Harmony and Antagonism: Workers, Managers, and the Social Relations of Production
Charles and Sarah Metcalf traveled to Lowell, Massachusetts, in the spring of 1841. Soon after their arrival, Charles wrote to their parents in Winthrop, Maine, about their prospects for working and living in the "city of spindles." He also advised them about sending another sibling, Mary, in search of employment.

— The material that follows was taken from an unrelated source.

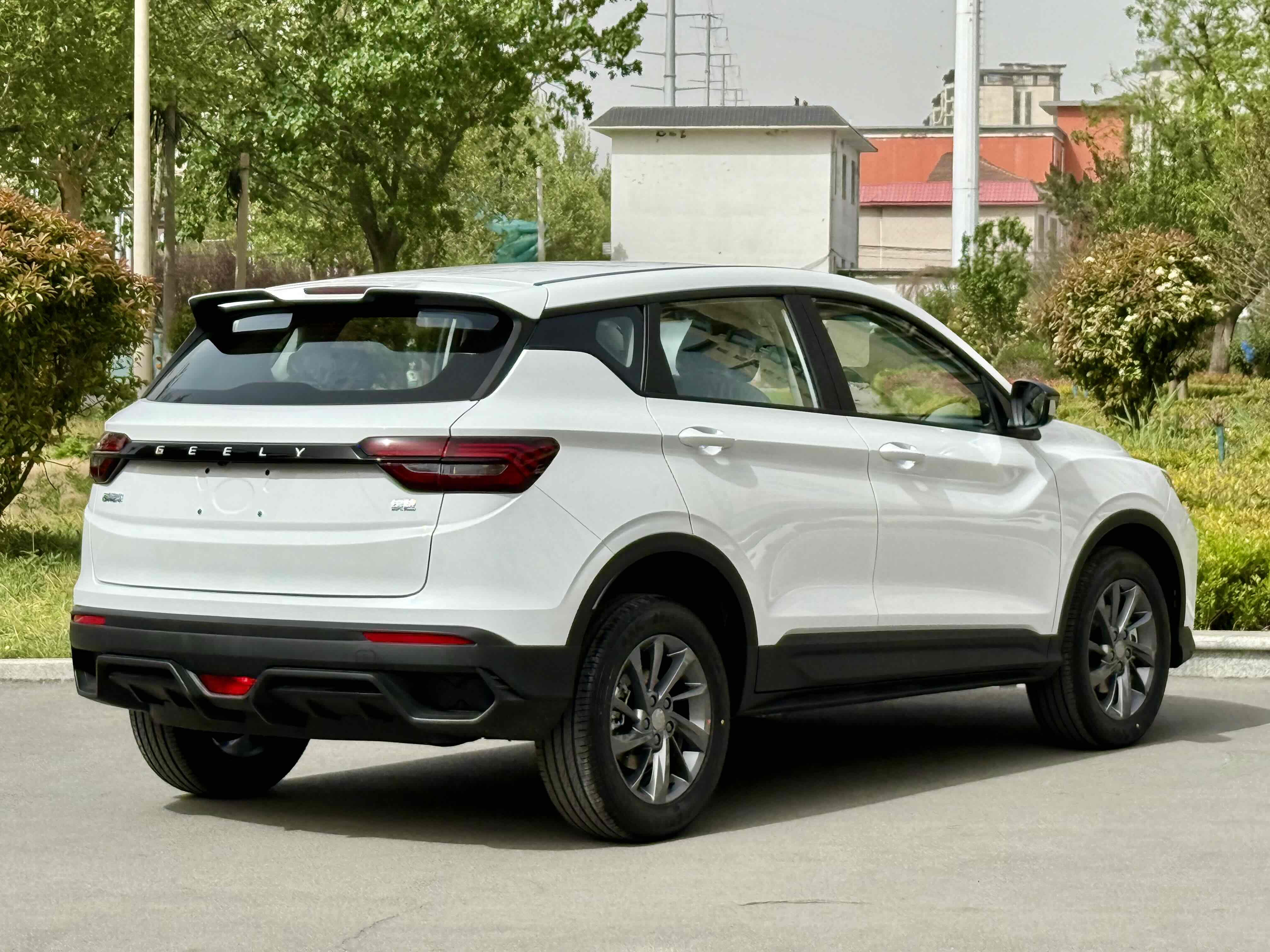 GEELY Coolray 2025 #9 GEELY Coolray 2025 car image #9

I should be glad to have her come but I wish her to know what to expect should she come. I wish not to discourage her or you. She would probably find some place to work if not immediately, soon but whether she would like it or not I dont know. In the 1st place she would find theres no place like Home, every one here is wrapped up in self and looks out for No.1. She would find her patience taxed to the utmost. I was going to say she would find few very few to care for her in her troubles except relations and none to sympathize like parents. There can be no I cants here. If she has fortitude, patience, and perseverance . . . and wishes very much to come and you think it best I say come and we will do the best we can for her. She must leave home . . . sometime, and perhaps this is as good as any and the lesson though a hard one will be a good [one]. 1
The Metcalfs, like so many of their fellow operatives, had come from a small rural community. They had probably never seen anything like the sheer mass of humanity that filled a city such as Lowell. Within the factories and on the streets outside, the burgeoning industrial population was indeed a force to be reckoned with. Charles Metcalf's astute observations captured the anomie many operatives felt in their new industrial and urban environments. One of the authors of the Lowell Female Labor Reform Association's "Factory Tracts" painted an even more disturbing picture of the factory labor force.
. . . [T]hrown into company with all sorts and descriptions of mind, dispositions and intellects, without counselor or friend to advise -- far away from a watchful mother's tender care, or father's kind instruction -- surrounded on all sides with the vain ostentation of fashion, vanity and light frivolity -- beset with temptations with out, and the carnal prosperities of nature within, what must, what will be the natural, rational result?